The other disappointment is that I haven’t been able to complete my wall around Pandemonium, and it cost me a TON of resources to terraform everything I’ve done so far. It’s been fun, but ultimately just a delaying tactic. Those resources could have gone to other ends. Hell, I may have been able to get to Martial 6 and compete with BC in physical might with some high-level rituals.

So I may be a minor nuisance from here on out, but probably can’t do much but wait for the end.

The End

Black Coffee put me out of my misery soon after. I actually thought I could survive for a while with how much I had protected my stronghold with powerful combat cards, but he pushed just enough resources into a ritually-enhanced legion to give him the edge.

Just as well. I might have been a small thorn in his side, but ultimately lost the war, and am just as happy for the final nail to be driven into the coffin.

An to wrap up the game as a whole, Black Coffee steamrolled following my exit. He took over Pandemonium a couple turns later, while eliminating Spargelzeit. The Swarm stuck around longest, but ultimately couldn’t accomplish much against BC’s might.

We needed a more powerful foil to Black Coffee once it was clear he was amassing long-term power. Our competing strategies, which pitted us against one another just a bit too often, combined with the bad beats received (most notably, from the Legion from Heaven, which hit all of us) put us too far behind.

A great moment from around Turn 25, when I was briefly engaged with everyone in the game simultaneously.

Post Mortem

The Good:

  • My early and mid-game prestige lead, which I had to fight for. If we hadn’t all had our starting legions wiped out early, I think this could have been a game won by prestige. Instead, it left us all weak and having to react to Black Coffee’s growing power. However, I was the front-runner for the prestige win.
  • I was active the whole game, trying to dictate the flow of things. It felt good. Learning the ebbs and flows of the game is likely a longer-term skill, but I was able to set and achieve numerous goals. In such a cutthroat game, that’s far from nothing.

The Bad:

  • I had a really powerful praetor and was never able to unleash him in a duel. Not for lack of trying, mind you, so I don’t really blame myself here. But it was a prestige avenue that, frustratingly, I never got to pursue, and I probably should have put those resources to boosting my fiend.
  • The Cartographer’s Table was interesting and allowed me some really oblique possibilities due to terraforming. I like it. But it was also expensive af to use repeatedly. I think I was close to an effective strategy with it, but the full fruits of my ideas never quite materialized. Which meant that I wasted a lot of resources. I still think it’s a worthwhile relic to own, but I would be much more discerning in its use in the future.
  • My timing on trying to surprise Black Coffee was terrible. I don’t think the concept of trying to dive bomb him was bad, but it was poorly executed. I became worried that a perfect time for it would never come, so I instead settled for an arbitrary, bad time to do it.

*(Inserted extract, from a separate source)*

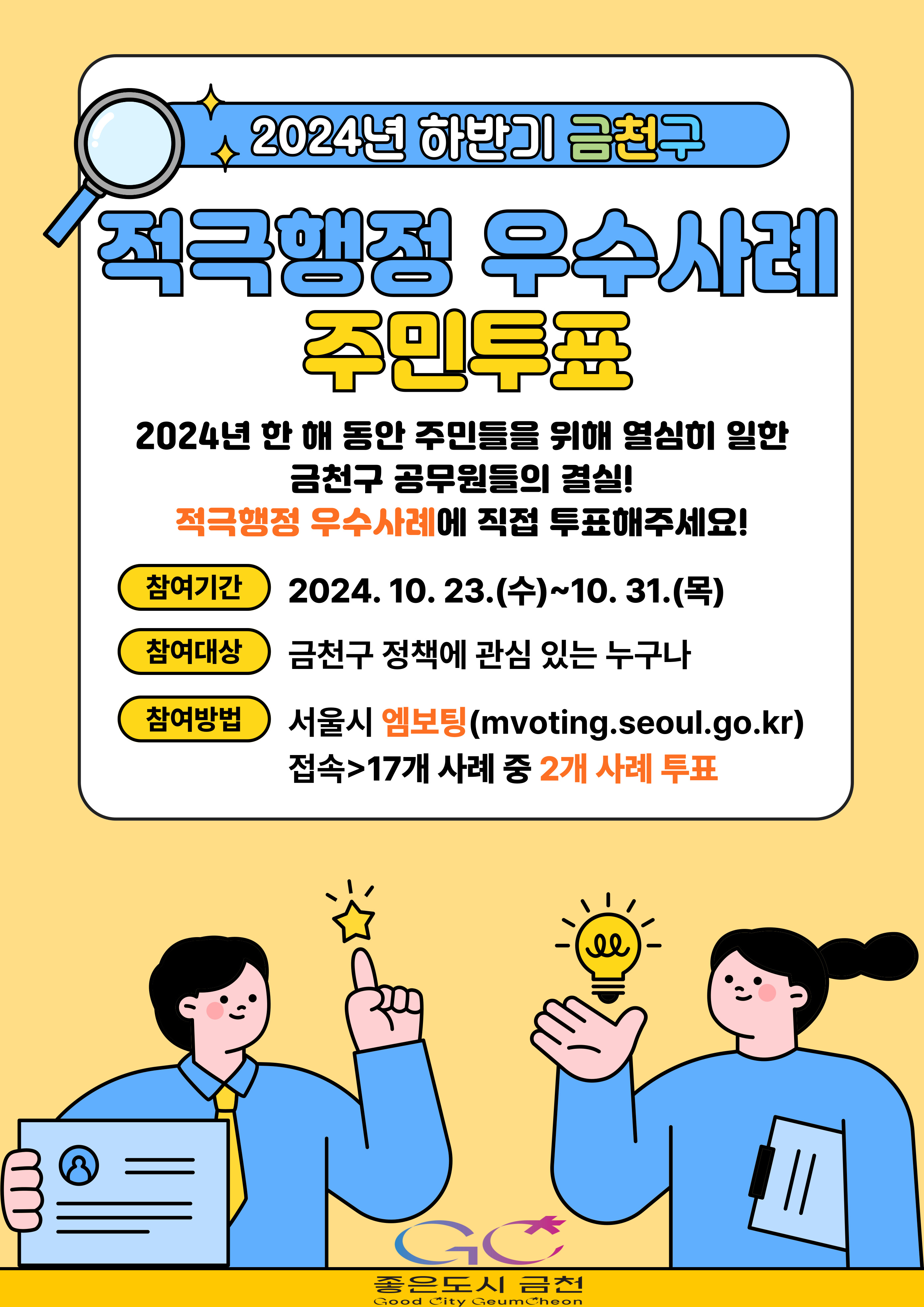  [서울 금천구] 2024년 하반기 적극행정 우수사례 주민 투표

There were a lot of good things I can take away from this game, despite the disappointment of falling short. I was the runaway prestige leader for much of it (until I excommunicated, not even The Swarm had pulled terribly close) and I was the “bully” through most of the game, even winning some vendettas against Black Coffee. Those are advantages that can be parlayed into success in the right environment.

Alas, not this time. So until the next one…”To Reign is Worth Ambition.”